Edit to specify a bit more:
I doesn't have to be binding originally made for all mountain, could as well be freeride or freestyle. Just as long as it is your personal favorite for riding all mountain.

Edit 2: Changed title from: What is your favorite all mountain binding?

Edit 3: There is no wrong choice as long as it is your favorite. It doesn't matter if someone else already mentioned it. As long as it is your personal favorite, it will be the best answer you can give.


----------



## Etienne (Apr 2, 2021)

I am really, really impressed with my Salomon Highlanders so far (I only have ~10 days on them, not in all kind of conditions). It's a bit early to call them "best bindings ever", but still you get the idea.

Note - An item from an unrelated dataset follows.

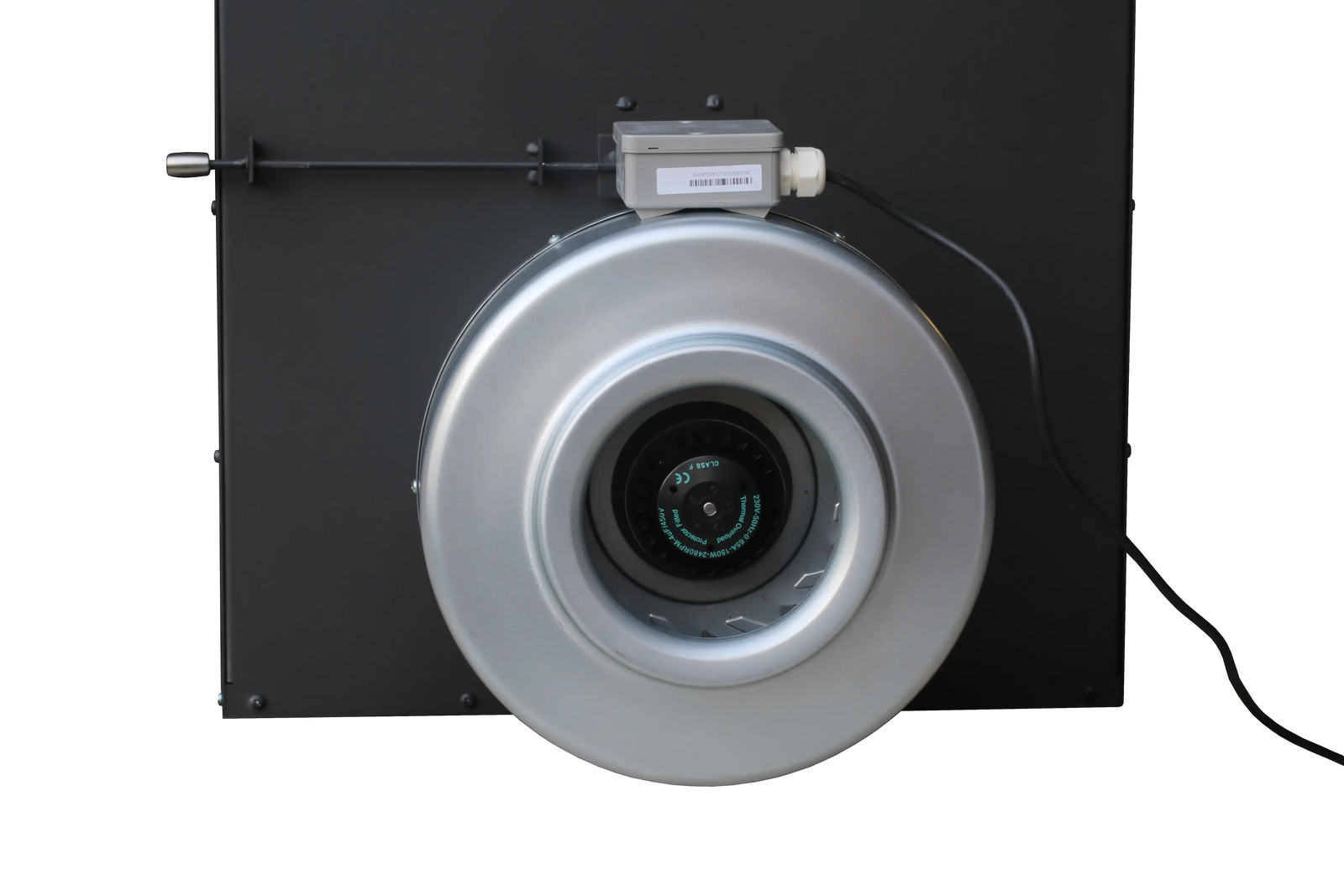 LS Kamna Turbo ventilator met ronde zilveren behuizing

I am huge fan of the shadowfit system, not only for the movement it allows but also because it doesn't transmit all kind of parasite forces/torque. Still it's absolutely there when you need to push hard and really like the added stiffness compared to holograms. My old Holograms used to feel a bit light in certain freeride conditions, but the Highlanders really hit the nail here. They are never in the way when you tweak, surf, move, but always there when you push. Hard to see a situation where they aren't just excellent bindings–except splitboarding… Plus they are dead simple to fit and adjust.


----------



## NT.Thunder (Jan 4, 2020)

K2 Lien AT's are my favorite so far - simple and just work. Comfortable, dependable, great feel whether carving or slashing just love them.


----------



## AC93 (May 1, 2020)

Burton Malavita, have been my favorite for a while. Mostly, because of the all day comfort and great response.
I have 3 sets of them, for my Orca, Asymulator and I bought an extra set this season on sale, that I'm planning on using for the 2023 Mega Merc, when that comes in store.


----------



## 16gkid (Dec 5, 2012)

Now Drives with burton straps are my go to bindings, have had them for about 5 seasons and theyre still working great


----------



## ridethecliche (Feb 27, 2019)

Cartel X. 

Haven't had to even think about them since I got them. So so so solid.


----------



## BobbyGrand (Jan 3, 2014)

Rome Cleavers - the AUX strap is the most secure / comfortable strap I have ever used! The adjustability is also insane with the heel strap to allow for more or less response.


----------



## Oldman (Mar 7, 2012)

I'm a Flow Fan boy, what can I say. At my age, ( 60+) the days of sitting on my ass in the snow to strap in are long, long gone. I have a number of sets of Flow NX2's, AT's etc and they have all been rock solid. I have never had a parts issue with any of them. That aside, they ride awesome. I go 200 to 210 depending on how far away the last holiday was and they supply me with all the control I need. Everything gets sent directly to the deck via the aluminum base plate. Others want a little more flex, but at my size, I ain't looking for flex.
Once they are dialed in, I hardly ever have to adjust them.
So, reliability, performance, ease of use. NX2's cover it all for me. Looking forward to trying the new Nidecker Step-Ins. Might have to get a new board for those.


----------



## Schoobang (Nov 4, 2019)

16gkid said:


> Now Drives with burton straps are my go to bindings, have had them for about 5 seasons and theyre still working great


Same here! Now drives with burtons DT hammock straps are my absolute favorites. Great for charging and carving, but I sometimes prefer my Rome Katanas for a bit more lateral flex and board feel.


----------



## dddjr (Jan 7, 2022)

historically the cartels.........but this season i got on some nitro teams and i may have a new favorite! nitros seem a bit damper and equal to or greater response.


----------



## unsuspected (Oct 26, 2015)

16gkid said:


> Now Drives with burton straps are my go to bindings, have had them for about 5 seasons and theyre still working great





Schoobang said:


> Same here! Now drives with burtons DT hammock straps are my absolute favorites. Great for charging and carving, but I sometimes prefer my Rome Katanas for a bit more lateral flex and board feel.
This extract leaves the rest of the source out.